Not directly — HMRC sets your tax code based on information from your employer, pension providers, and your own reported circumstances. You can request a review or correction through your Personal Tax Account or by contacting HMRC, but you cannot self-assign a code the way you might adjust other payroll settings.
Will I get a refund if my tax code was wrong?
Usually yes, automatically. Once HMRC corrects your code, any overpaid tax for the current tax year is typically refunded through your next payslip via PAYE. For overpayments from previous tax years, you may need to claim a refund directly from HMRC, which can take longer to process.

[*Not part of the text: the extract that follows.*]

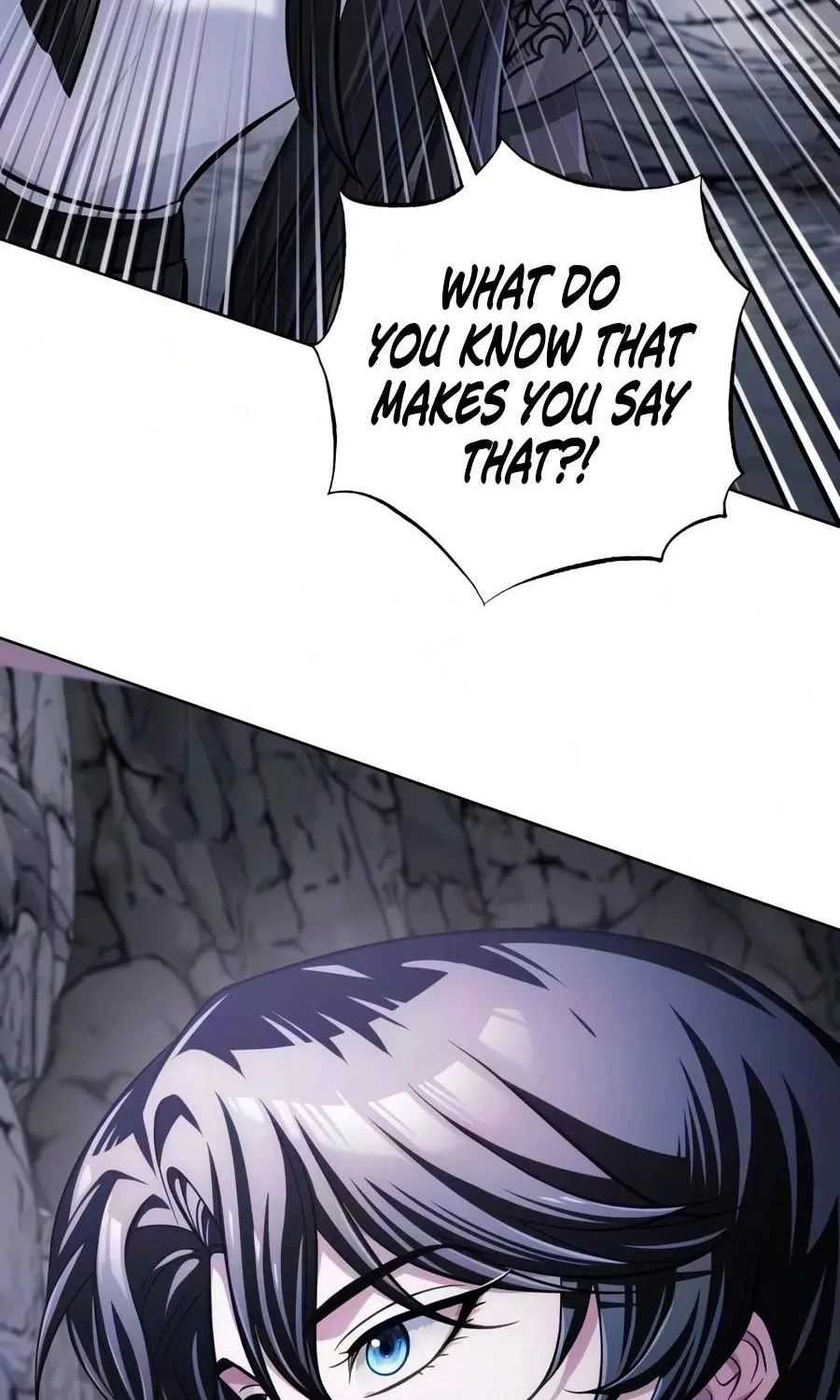 Chapter 64 — page 153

Does 1257L apply in Scotland and Wales?
The Personal Allowance amount (£12,570) is the same across the whole UK, but Scotland and Wales can set different income tax rates and bands above that allowance. Scottish taxpayers get an "S" prefix (S1257L) and Welsh taxpayers get a "C" prefix (C1257L) so employers apply the correct regional rates once income exceeds the shared Personal Allowance.
Why does my tax code show a different number from £12,570?
Any number other than 1257 means your allowance has been adjusted from the standard amount — usually reduced because of a taxable benefit (company car, private medical insurance) or increased slightly through a relief like the Marriage Allowance or claimed expenses. The number is always the adjusted allowance divided by 10.
The bottom line
1257L means you're receiving the full £12,570 tax-free Personal Allowance for 2026/27 — the correct, default code for most single-job employees with no taxable benefits. But codes like BR, K, and emergency W1/M1 variants exist for good reasons and can mean a meaningfully different tax bill on the same salary. Checking your code against your actual circumstances takes a few minutes and can catch an overpayment worth hundreds of pounds.
🏛Last updated June 2026. Tax code rules and the £12,570 Personal Allowance reflect HMRC 2026/27 guidance, frozen until at least 2030/31.